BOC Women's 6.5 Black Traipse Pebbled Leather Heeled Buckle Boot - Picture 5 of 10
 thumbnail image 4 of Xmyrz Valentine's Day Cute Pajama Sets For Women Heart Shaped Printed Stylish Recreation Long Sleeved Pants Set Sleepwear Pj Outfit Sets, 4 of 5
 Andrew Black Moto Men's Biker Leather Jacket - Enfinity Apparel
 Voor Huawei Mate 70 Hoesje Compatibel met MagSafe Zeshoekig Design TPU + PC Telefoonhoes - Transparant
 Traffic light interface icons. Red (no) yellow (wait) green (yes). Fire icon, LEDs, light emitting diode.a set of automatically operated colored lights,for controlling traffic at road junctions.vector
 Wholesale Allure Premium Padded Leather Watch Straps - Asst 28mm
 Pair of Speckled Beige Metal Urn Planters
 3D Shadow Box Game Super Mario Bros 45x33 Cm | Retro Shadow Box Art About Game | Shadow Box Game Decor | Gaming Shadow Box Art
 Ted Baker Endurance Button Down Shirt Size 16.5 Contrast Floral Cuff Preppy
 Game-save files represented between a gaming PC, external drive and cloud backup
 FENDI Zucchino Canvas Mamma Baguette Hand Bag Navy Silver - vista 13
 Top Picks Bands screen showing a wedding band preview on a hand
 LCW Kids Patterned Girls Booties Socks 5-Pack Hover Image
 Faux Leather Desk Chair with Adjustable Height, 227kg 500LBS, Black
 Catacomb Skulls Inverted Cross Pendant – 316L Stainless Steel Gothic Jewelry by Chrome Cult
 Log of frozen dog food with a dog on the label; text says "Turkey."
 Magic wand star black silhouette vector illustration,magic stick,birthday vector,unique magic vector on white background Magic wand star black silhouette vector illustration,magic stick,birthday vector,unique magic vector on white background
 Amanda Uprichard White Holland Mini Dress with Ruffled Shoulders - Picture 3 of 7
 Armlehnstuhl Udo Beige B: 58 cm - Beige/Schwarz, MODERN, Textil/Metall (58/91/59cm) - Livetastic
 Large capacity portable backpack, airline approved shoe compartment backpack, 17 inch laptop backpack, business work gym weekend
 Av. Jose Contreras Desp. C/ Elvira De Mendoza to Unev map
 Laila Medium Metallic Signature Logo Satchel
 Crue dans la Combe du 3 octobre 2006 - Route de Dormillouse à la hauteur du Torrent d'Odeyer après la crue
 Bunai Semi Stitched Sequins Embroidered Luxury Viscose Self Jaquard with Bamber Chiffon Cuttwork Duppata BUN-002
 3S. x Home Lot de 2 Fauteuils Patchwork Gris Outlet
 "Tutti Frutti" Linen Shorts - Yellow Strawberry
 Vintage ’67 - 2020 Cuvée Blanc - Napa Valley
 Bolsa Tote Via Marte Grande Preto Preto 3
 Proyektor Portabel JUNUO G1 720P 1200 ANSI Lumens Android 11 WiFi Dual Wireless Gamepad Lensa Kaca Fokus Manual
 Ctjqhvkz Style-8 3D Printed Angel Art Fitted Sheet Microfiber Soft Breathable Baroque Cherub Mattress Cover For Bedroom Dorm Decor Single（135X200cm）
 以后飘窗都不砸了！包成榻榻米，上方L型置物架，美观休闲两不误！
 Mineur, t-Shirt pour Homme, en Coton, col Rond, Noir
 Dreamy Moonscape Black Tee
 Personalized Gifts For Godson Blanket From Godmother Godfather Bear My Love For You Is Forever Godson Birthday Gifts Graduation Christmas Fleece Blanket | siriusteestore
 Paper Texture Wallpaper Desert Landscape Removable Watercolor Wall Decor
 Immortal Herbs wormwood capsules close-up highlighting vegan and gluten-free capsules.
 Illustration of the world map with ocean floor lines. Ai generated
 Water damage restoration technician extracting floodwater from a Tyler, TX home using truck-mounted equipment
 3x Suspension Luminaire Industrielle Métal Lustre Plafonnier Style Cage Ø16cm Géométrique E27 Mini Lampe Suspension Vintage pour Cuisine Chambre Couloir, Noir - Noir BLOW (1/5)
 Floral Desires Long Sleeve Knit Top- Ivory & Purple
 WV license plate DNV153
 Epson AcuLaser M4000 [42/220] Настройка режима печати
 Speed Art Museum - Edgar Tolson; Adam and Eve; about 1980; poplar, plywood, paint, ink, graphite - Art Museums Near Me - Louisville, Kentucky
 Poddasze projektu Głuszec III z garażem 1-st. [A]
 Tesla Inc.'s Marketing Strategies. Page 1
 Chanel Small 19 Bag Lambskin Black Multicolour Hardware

• **Assigned task**: Begin at the line that has "Proyektor Portabel JUNUO" in the entries above; stop after the line that has "Water damage restoration". Transcribe exactly those lines and no others.

• **Written answer**:
 Proyektor Portabel JUNUO G1 720P 1200 ANSI Lumens Android 11 WiFi Dual Wireless Gamepad Lensa Kaca Fokus Manual
 Ctjqhvkz Style-8 3D Printed Angel Art Fitted Sheet Microfiber Soft Breathable Baroque Cherub Mattress Cover For Bedroom Dorm Decor Single（135X200cm）
 以后飘窗都不砸了！包成榻榻米，上方L型置物架，美观休闲两不误！
 Mineur, t-Shirt pour Homme, en Coton, col Rond, Noir
 Dreamy Moonscape Black Tee
 Personalized Gifts For Godson Blanket From Godmother Godfather Bear My Love For You Is Forever Godson Birthday Gifts Graduation Christmas Fleece Blanket | siriusteestore
 Paper Texture Wallpaper Desert Landscape Removable Watercolor Wall Decor
 Immortal Herbs wormwood capsules close-up highlighting vegan and gluten-free capsules.
 Illustration of the world map with ocean floor lines. Ai generated
 Water damage restoration technician extracting floodwater from a Tyler, TX home using truck-mounted equipment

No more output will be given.